**What is required:** Only some lines are wanted: please transcribe exactly those from the one containing "Hysterium insidens image" through the end of the data, pictures excluded.

**Given material:**

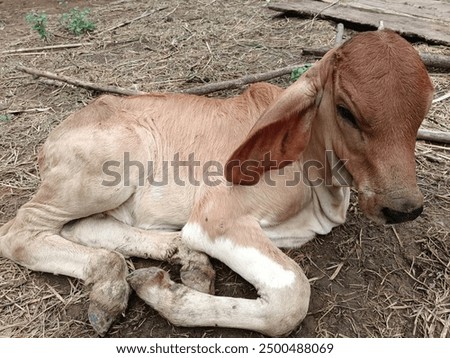Image, Stock Photo Not even for little devils!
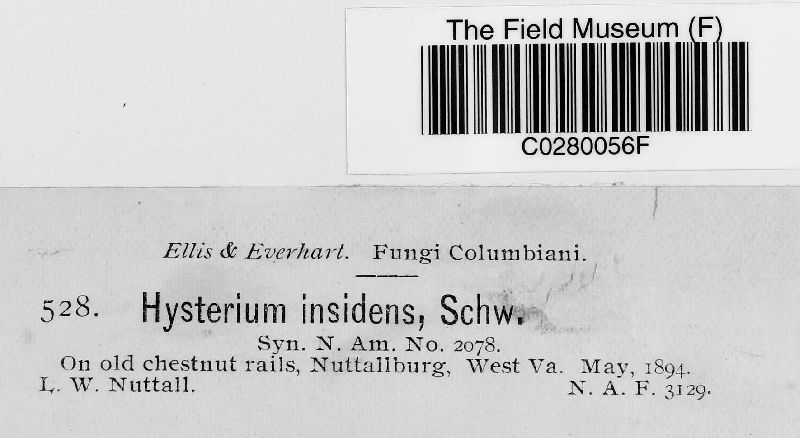 Hysterium insidens image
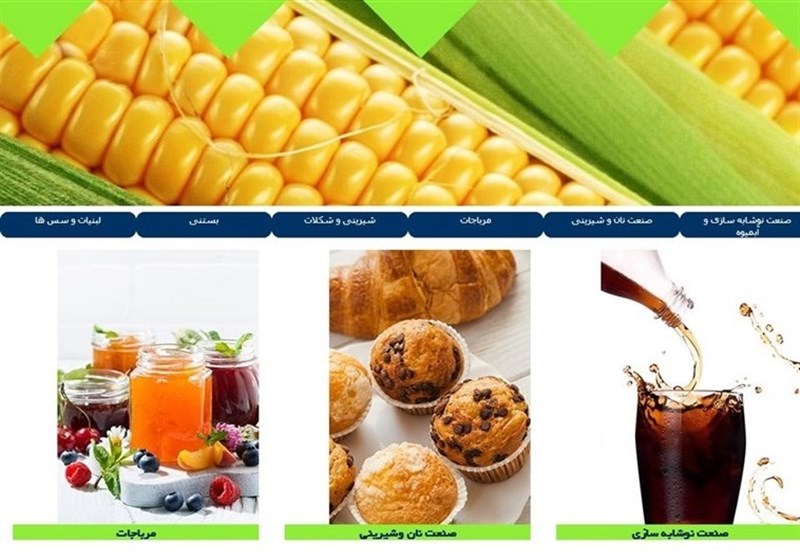 تاکنون برنامه اجرایی و مدونی در حوزه صنایع تبدیلی استان مرکزی ارائه نشده است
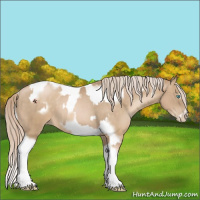 Horse Color:Chocolate Palomino Pearl Tobiano Frame  and Chocolate Palomino Pearl Tobiano Frame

**Solution below:**
 Hysterium insidens image
 تاکنون برنامه اجرایی و مدونی در حوزه صنایع تبدیلی استان مرکزی ارائه نشده است
 Horse Color:Chocolate Palomino Pearl Tobiano Frame  and Chocolate Palomino Pearl Tobiano Frame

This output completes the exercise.